Forward of the gun is the anchor-winch (4), which is not particularly big, because the Buccaneer was only an 840-ton tug.

Over the bow both anchors are still in place, held snug and tight in their hawse-pipes by the anchor-chains from the winch (5).

Behind the forecastle, short steps on either side descend to the main deck (6). A hatchway between leads back into the forecastle, a tight and very silty space should you feel inclined to explore.

There is only a short space of open deck before the remains of the superstructure and wheelhouse (7). The lower level is framed in steel, so that although the wooden sides have rotted through, the overall structure is supported.

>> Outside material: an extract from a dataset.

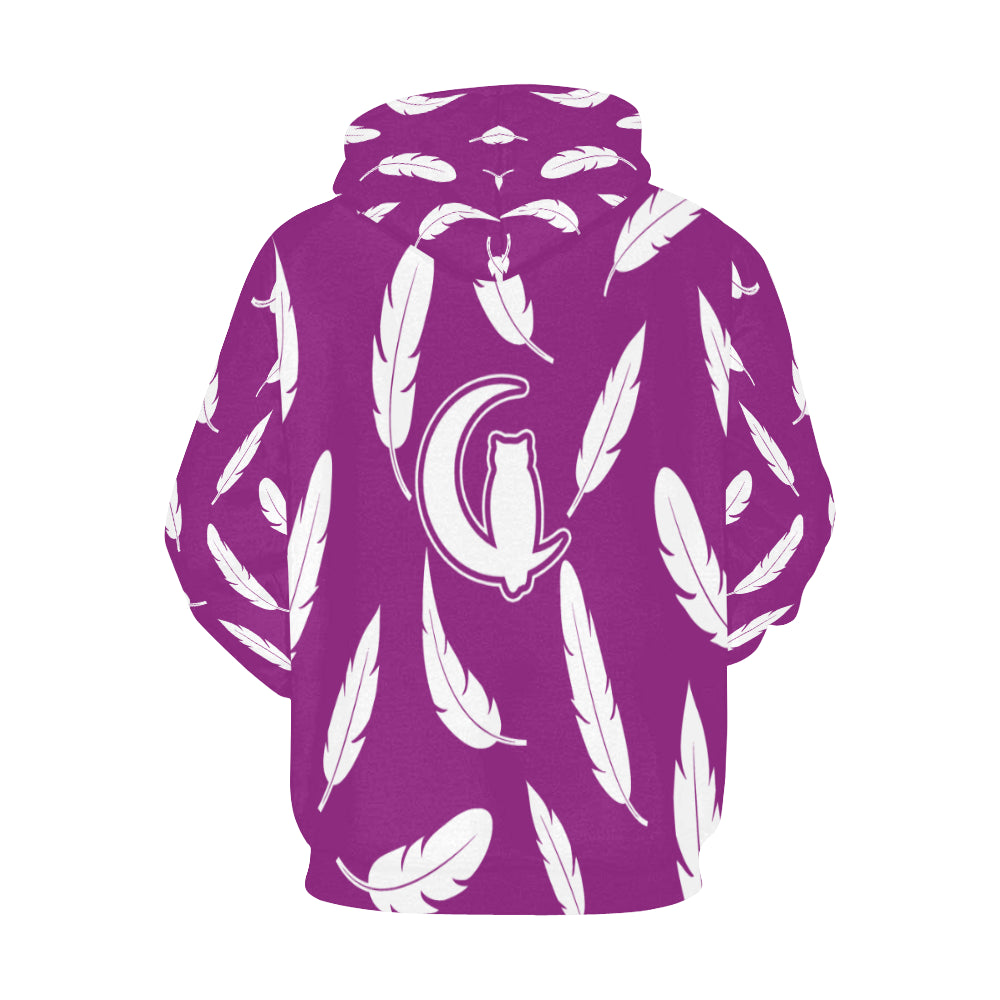 FEATHER GRAPE All Over Print Hoodie for Men
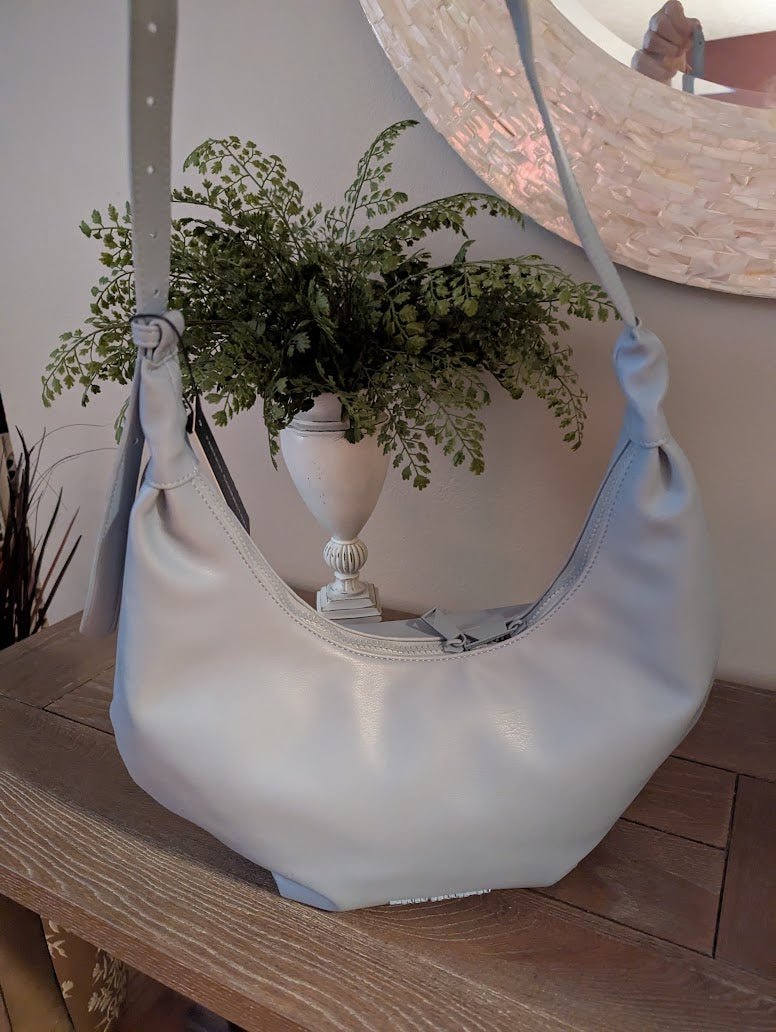 French Connection Vegan Leather Layla Half Moon Hobo Bag-zoom-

The upper wheelhouse level has not survived so well, with only a steel frame at the front surviving and the remaining wooden structure long rotted away.

Behind the wheelhouse is a raised deck above the boiler and boiler-room. The funnel is gone and the flue blocked with debris (8). Towards the port and lower side of the wreck, a pair of boat-davits stand empty.

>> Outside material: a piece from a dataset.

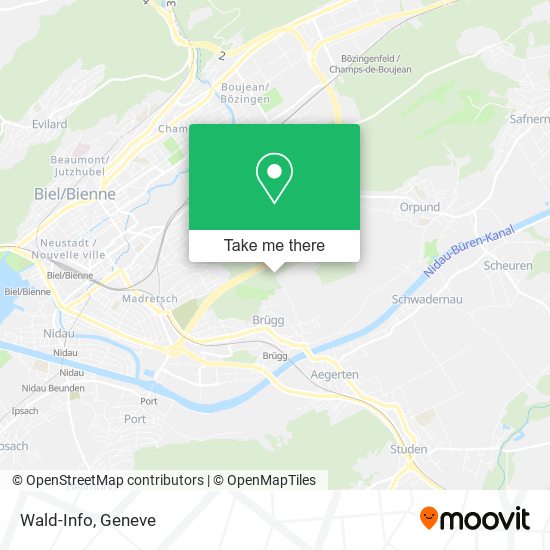 Wald-Info map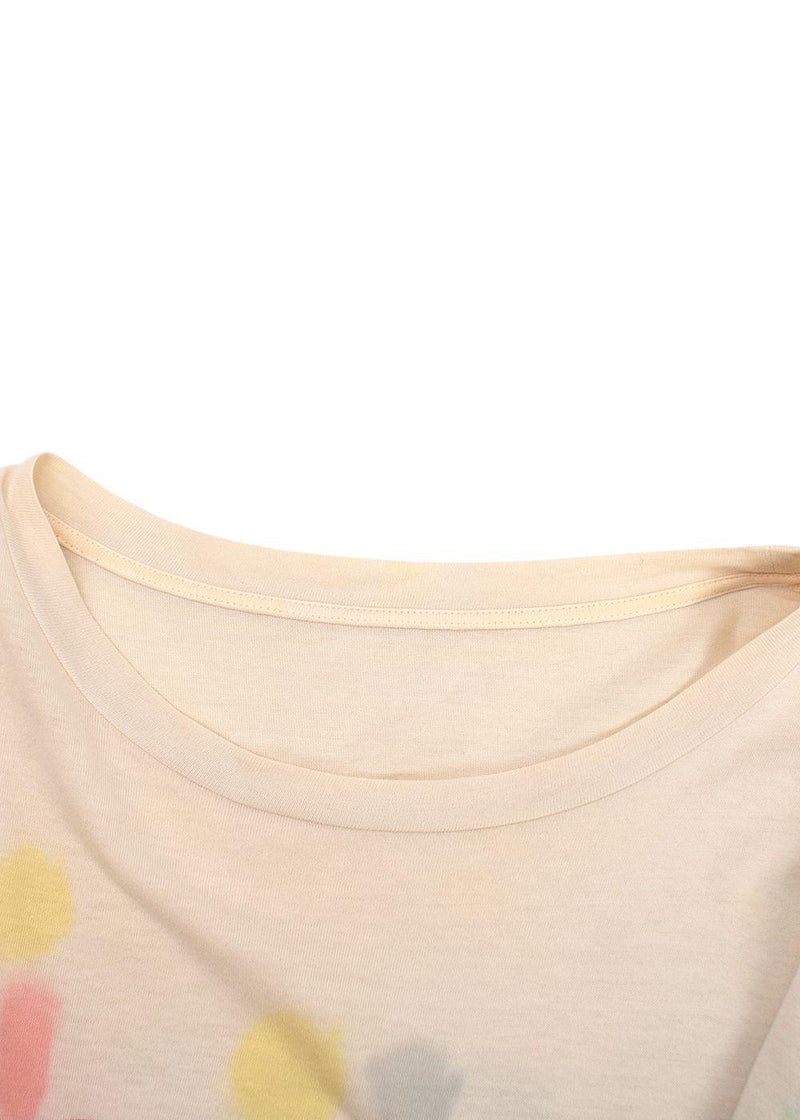 Gucci Cream Multicolour Tie-dye Logo T-Shirt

When I last dived the Buccaneer, a fishing-net was strung across the wreck just aft of the boat-davits (9), caught on the stubs of a pair of masts set either side of the deck. With floats still attached, it billowed up above the wreck, so I advise caution here. It’s not difficult to avoid if you keep an eye out for it.

Clear of the net and continuing towards the stern, behind the boiler-room is another gun platform, this time on stilts to raise it well above the main deck (10). The platform is intact, complete with railing. The gun-pintle stands securely in the centre of the platform but there is no sign of the gun, either on the platform or on the seabed below.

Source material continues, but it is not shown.